J. R. R. Tolkien'in Başyapıtı ''Silmarillion'' Hakkında

J. R. R. Tolkien'in Başyapıtı ''Silmarillion'' Hakkında
  • 10
    0
    0
    2
  •  

    On dört günlük Silmarillion yolculuğumun sonundan herkese merhaba! Uzun, zamana yayılan ve keyifli bir yolculuktu bu. Tolkien bir evren yaratmış; yarattığı evren de bir hayal gücünden ortaya çıkmasına rağmen sadece bir ‘’hayal’’ olarak kalmasına izin vermemiş ve bu tarih kitabını yani Silmarillion’u ortaya çıkarmış. Hobbit ve Yüzüklerin Efendisi bu evrenin minik bir kesiti aslında. Bu kesitin çok öncesinde çağlar boyu süregelen yaşanmışlıklar ve Orta Dünya’nın tarihi Silmarillion’da vücut buluyor. 

    Yazarın ölümünden dört yıl sonra oğlu Christopher Tolkien tarafından yayımlandı; çünkü Tolkien hayatı boyunca bu hikâyeler ve kurgu üzerinde çalışmaya bıkmadan usanmadan devam etti: Notları değiştirilmeden birkaç ekleme ve düzenlemeyle şu an okuduğumuz haline getirilmiş olmuş böylece. Belki hâlâ ekleyeceği ya da çıkaracağı metinler vardı ki bir türlü basıma gönderememiş olabilir Tolkien. Neyse ki oğlu da bu evrene sadıkmış; onun sayesinde Tolkien külliyatı tamamlanmış gibi bir şey olmuş. 

    Christopher Tolkien

     

    Orta Dünya’nın İlk Çağ’ından da öncesi anlatıldığı için kitabın başlarında ‘’Nereye düştüm?’’ gibi bakabilirsiniz sayfalara… Ama bunun bir çeşit dünya mitolojisi olduğunu kavrayıp sanki gerçekten de yaşanmış gibi olduklarını hissedip ele alabilirseniz işte o zaman Tolkien Evreni’ne hoş geldiniz!

     

    Kitabın bölümleri hakkında:

    Önsöz: Christopher Tolkien/ 1977 basımı için

    İkinci Basıma Giriş: Christopher Tolkien/1999 basımı için

    J. R. R. Tolkien’in Milton Waldman’a Yazdığı Bir Mektuptan,1951: Hikayenin ve kurgunun ortaya çıkışına dair açıklayıcı bir mektup ve bazı dipnotlarla desteklenmiş olup mutlaka okunmalı. 

    AİNULİNDALE: Ainur’un Müziği. Ea’nın, yani Dünya’nın yaratılışı anlatılıyor. 

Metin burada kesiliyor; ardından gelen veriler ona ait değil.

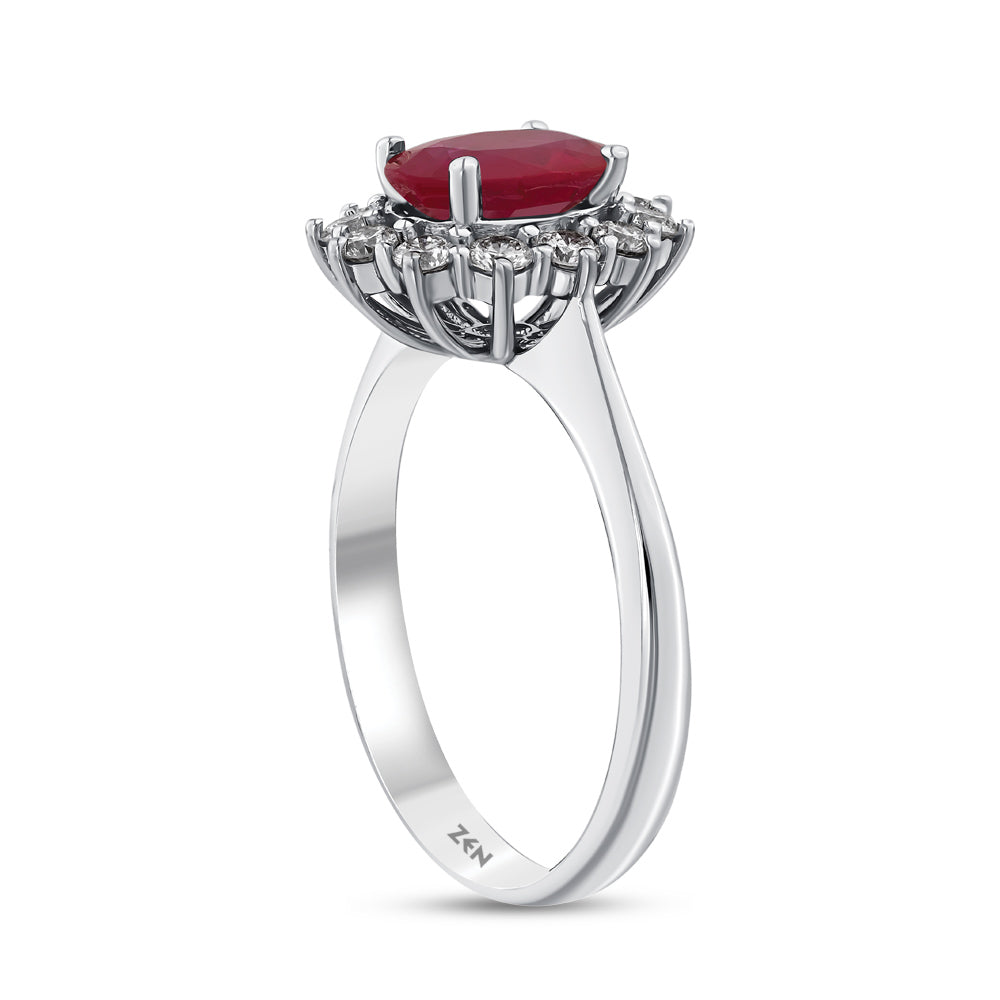 Ruby Ring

    VALAQUENTA: Valar ve Maiar’ın hikayeleri. Ea’da yaşayan iki doğaüstü varlık grubunun tanımlarına ve hikayelerine değinen kısım: Bu bölümde isim bolluğu ve her ismin özelliği okuru yorabilir. Dikkat ve özen isteyen bir alan kendileri. 

    QUENTA SİLMARİLLİON (Silmarillerin Tarihi): Kitabın en uzun bölümü. Birçok olayın gerçekleştiği ve sevincin, hüznün, ihanetin, dostlukların, savaşların hikayelerinin anlatıldığı bir bölüm. İlk Çağ’da ve öncesinde olan olayların tarihi. Elflere, İnsanlara ve Cücelere dair efsanevi hikayalere şahit oluyoruz. 

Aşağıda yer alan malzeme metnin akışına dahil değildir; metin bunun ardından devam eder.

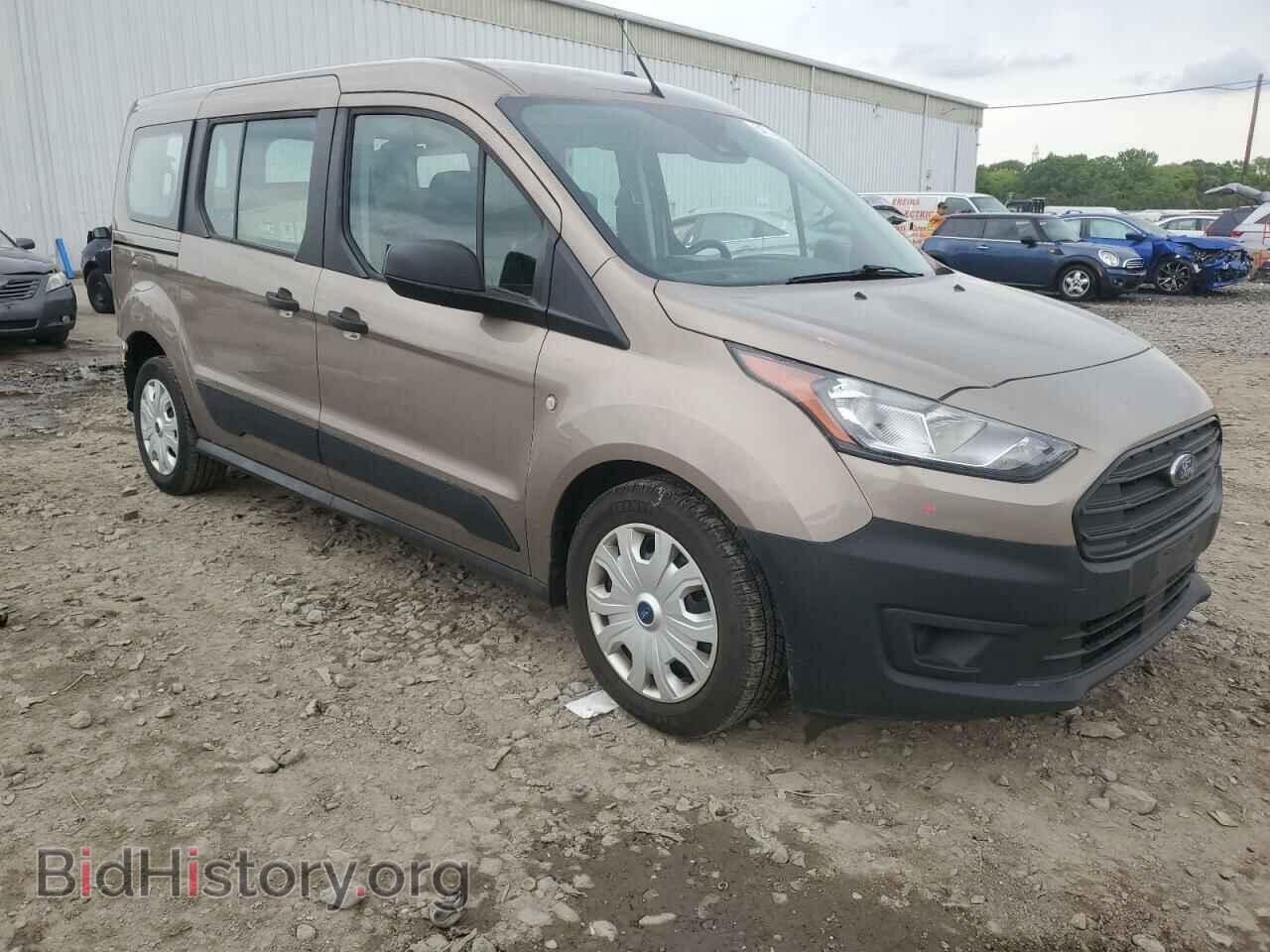 2020 FORD TRANSIT - VIN: NM0GS9E23L1463155 - Фото 4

    AKALLABETH: Numenor’un çöküşü. Valar tarafından Batılı halkın yaşaması için hazırlanan büyük bir ada ve bu ada içinde yaşayan insanların nasıl ölümün korkusuna yenik düştüğünü ve kötülüğe boyun eğişlerini anlatıyor. 

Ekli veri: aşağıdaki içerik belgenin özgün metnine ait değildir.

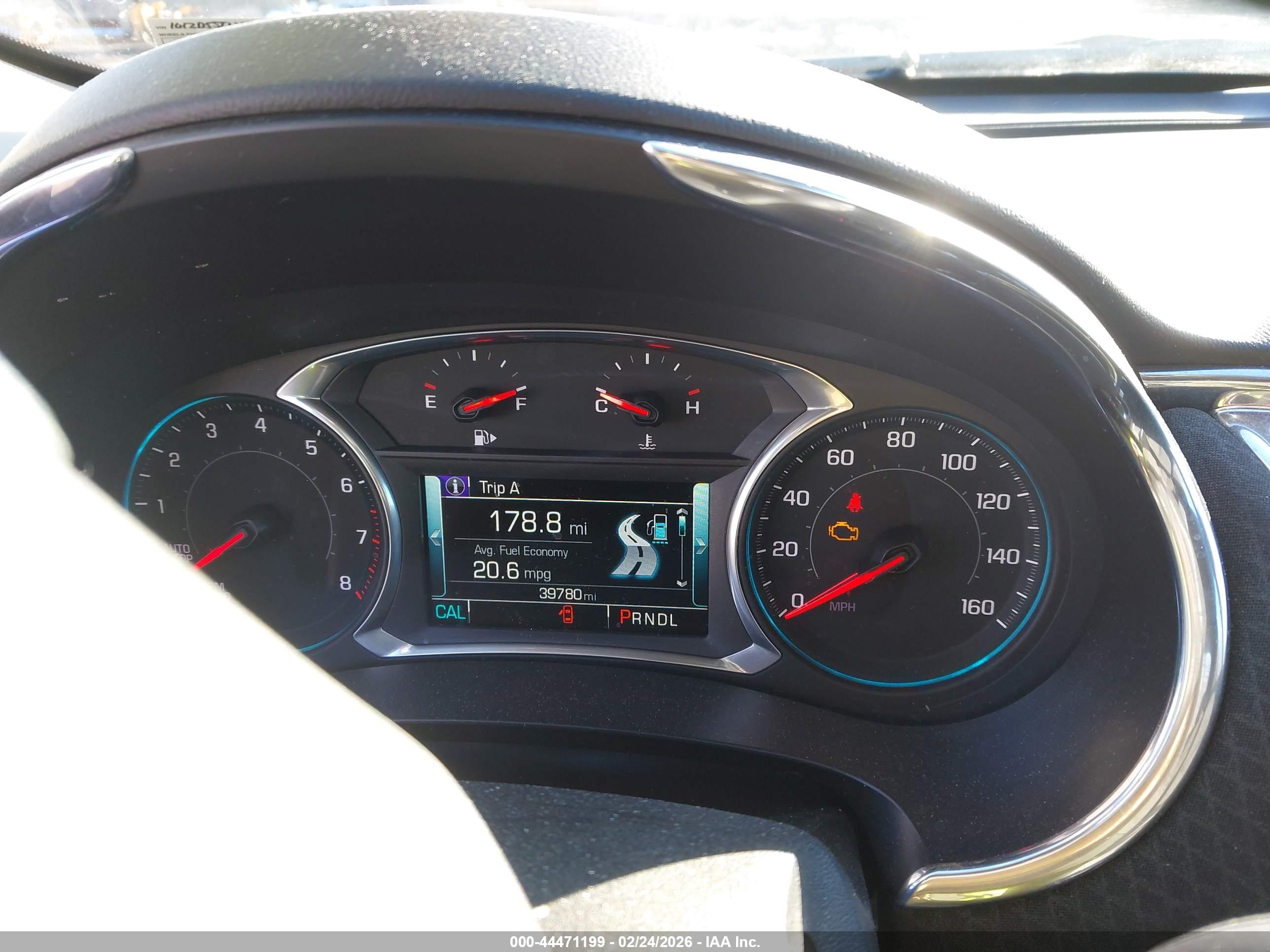 CHEVROLET MALIBU image 7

    GÜÇ YÜZÜKLERİNE VE ÜÇÜNCÜ ÇAĞ’A DAİR: Ve hikayeler burada sona eriyor. Yüzüklerin Efendisi’nin kısa ve öz bir özeti de denilebilir.

     

    Ekler:

    Soyağaçları 

    Telaffuz Üzerine Notlar

    İsim İndeksi

    Quenya ve Sindarın İsimlerindeki Öğeler

    Haritalar 

     

    Kitabın içeriği de bu şekilde. YouTube platformunda bulunan ''Orta Dünya- Legendarium Türkiye'' kanalı sayesinde kitabın bölümlerinin kritiğini ve özetini dinledim ve okuduğum bölümleri pekiştirerek ilerledim. Günümüzde olan her imkânı değerlendirerek de okuma yapmış oldum. Boş bir okuma da yapmamış oldum böylece. Çünkü üç beş günde bitecek bir kitap değil bu; bitirmesine bitirirsiniz lakin hiçbir şey anlamamış olursunuz bu da bana göre ‘’okumak’’ olmuyor.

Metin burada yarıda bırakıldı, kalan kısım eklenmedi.